Segment Start: Data provided

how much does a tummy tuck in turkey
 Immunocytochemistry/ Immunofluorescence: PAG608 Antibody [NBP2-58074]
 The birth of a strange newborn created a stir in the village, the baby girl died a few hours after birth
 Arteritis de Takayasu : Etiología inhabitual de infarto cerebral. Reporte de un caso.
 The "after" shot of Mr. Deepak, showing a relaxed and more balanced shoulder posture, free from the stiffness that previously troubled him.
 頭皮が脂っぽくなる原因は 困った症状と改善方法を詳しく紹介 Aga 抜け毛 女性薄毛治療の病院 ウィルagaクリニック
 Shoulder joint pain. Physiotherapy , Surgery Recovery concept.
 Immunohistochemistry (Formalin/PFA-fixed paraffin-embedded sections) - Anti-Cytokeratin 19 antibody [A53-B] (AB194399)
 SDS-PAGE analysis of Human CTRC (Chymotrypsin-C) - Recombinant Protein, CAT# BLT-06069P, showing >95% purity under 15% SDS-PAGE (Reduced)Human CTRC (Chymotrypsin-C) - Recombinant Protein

Segment End: Data provided

▸ Exercise aim
Restate verbatim the first line above and all lines after it through the line containing "Shoulder joint pain."; omit the rest.

▸ Solved problem
how much does a tummy tuck in turkey
 Immunocytochemistry/ Immunofluorescence: PAG608 Antibody [NBP2-58074]
 The birth of a strange newborn created a stir in the village, the baby girl died a few hours after birth
 Arteritis de Takayasu : Etiología inhabitual de infarto cerebral. Reporte de un caso.
 The "after" shot of Mr. Deepak, showing a relaxed and more balanced shoulder posture, free from the stiffness that previously troubled him.
 頭皮が脂っぽくなる原因は 困った症状と改善方法を詳しく紹介 Aga 抜け毛 女性薄毛治療の病院 ウィルagaクリニック
 Shoulder joint pain. Physiotherapy , Surgery Recovery concept.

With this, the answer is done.